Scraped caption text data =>

--

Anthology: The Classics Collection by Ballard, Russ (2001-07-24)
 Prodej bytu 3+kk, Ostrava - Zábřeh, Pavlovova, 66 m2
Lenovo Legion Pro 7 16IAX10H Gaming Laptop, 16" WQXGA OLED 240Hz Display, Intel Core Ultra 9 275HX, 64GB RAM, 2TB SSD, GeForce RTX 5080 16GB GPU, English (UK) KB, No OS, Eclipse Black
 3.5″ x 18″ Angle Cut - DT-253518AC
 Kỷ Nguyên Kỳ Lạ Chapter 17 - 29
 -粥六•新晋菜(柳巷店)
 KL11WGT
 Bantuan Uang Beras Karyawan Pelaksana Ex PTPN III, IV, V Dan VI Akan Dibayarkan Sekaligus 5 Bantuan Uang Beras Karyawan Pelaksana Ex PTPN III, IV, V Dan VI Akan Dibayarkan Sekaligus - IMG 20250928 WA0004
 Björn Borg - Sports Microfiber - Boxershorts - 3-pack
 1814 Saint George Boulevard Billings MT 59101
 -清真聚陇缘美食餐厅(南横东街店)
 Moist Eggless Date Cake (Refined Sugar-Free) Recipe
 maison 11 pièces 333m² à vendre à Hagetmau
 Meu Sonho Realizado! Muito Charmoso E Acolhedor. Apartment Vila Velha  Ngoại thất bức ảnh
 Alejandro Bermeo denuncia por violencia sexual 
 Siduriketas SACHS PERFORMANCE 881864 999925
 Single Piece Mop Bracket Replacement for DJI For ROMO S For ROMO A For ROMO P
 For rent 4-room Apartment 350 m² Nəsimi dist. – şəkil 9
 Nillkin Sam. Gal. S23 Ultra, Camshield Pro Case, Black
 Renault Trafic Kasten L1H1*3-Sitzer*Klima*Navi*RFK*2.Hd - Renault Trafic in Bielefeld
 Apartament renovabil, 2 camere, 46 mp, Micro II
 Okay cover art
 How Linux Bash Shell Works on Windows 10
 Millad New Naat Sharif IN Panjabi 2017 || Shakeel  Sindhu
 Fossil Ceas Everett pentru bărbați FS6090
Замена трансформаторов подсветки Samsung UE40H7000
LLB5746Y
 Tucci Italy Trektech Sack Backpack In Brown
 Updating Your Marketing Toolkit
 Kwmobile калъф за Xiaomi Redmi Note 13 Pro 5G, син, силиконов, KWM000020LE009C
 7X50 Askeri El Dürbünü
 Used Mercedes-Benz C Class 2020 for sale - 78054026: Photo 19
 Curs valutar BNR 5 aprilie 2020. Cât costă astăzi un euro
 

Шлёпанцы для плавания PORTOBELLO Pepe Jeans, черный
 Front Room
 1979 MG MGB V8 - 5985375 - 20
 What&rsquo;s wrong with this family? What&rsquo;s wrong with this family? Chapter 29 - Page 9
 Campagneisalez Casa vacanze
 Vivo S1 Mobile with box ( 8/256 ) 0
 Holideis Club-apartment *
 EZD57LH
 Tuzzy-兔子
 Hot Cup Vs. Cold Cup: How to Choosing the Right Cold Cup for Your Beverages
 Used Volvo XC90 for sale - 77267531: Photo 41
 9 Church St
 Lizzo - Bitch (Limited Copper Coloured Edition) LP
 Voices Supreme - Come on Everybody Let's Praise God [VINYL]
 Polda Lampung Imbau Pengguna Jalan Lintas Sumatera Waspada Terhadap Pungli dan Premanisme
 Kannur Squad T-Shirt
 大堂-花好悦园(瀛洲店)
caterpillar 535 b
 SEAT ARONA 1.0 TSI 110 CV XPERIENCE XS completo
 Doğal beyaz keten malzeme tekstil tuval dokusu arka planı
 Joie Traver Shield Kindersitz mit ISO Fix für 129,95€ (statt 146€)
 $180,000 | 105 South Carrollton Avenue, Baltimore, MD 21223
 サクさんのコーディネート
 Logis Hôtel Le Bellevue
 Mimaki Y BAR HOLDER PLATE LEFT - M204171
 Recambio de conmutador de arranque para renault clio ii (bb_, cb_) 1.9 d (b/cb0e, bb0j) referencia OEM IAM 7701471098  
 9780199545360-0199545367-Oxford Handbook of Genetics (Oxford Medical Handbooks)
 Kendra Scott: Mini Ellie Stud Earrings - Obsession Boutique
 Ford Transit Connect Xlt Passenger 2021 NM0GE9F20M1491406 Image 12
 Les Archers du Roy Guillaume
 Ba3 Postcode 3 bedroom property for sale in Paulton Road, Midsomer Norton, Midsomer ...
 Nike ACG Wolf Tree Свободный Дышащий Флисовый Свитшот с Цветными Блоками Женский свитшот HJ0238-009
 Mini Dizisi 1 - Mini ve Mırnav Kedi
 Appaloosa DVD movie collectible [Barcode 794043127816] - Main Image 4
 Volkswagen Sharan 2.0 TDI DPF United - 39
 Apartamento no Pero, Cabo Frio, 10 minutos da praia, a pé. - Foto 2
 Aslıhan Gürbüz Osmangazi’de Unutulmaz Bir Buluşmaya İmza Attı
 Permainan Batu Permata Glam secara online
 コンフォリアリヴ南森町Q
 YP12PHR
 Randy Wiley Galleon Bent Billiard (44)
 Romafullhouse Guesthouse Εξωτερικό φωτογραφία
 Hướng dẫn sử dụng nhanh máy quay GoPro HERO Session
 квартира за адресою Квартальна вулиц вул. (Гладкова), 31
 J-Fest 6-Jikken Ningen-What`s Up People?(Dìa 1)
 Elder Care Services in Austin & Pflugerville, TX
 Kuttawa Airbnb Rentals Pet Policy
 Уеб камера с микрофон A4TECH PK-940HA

--

Task statement => Counting only lines that contain the word "Chapter", give the number found in the data, and nothing else.

Solution => 2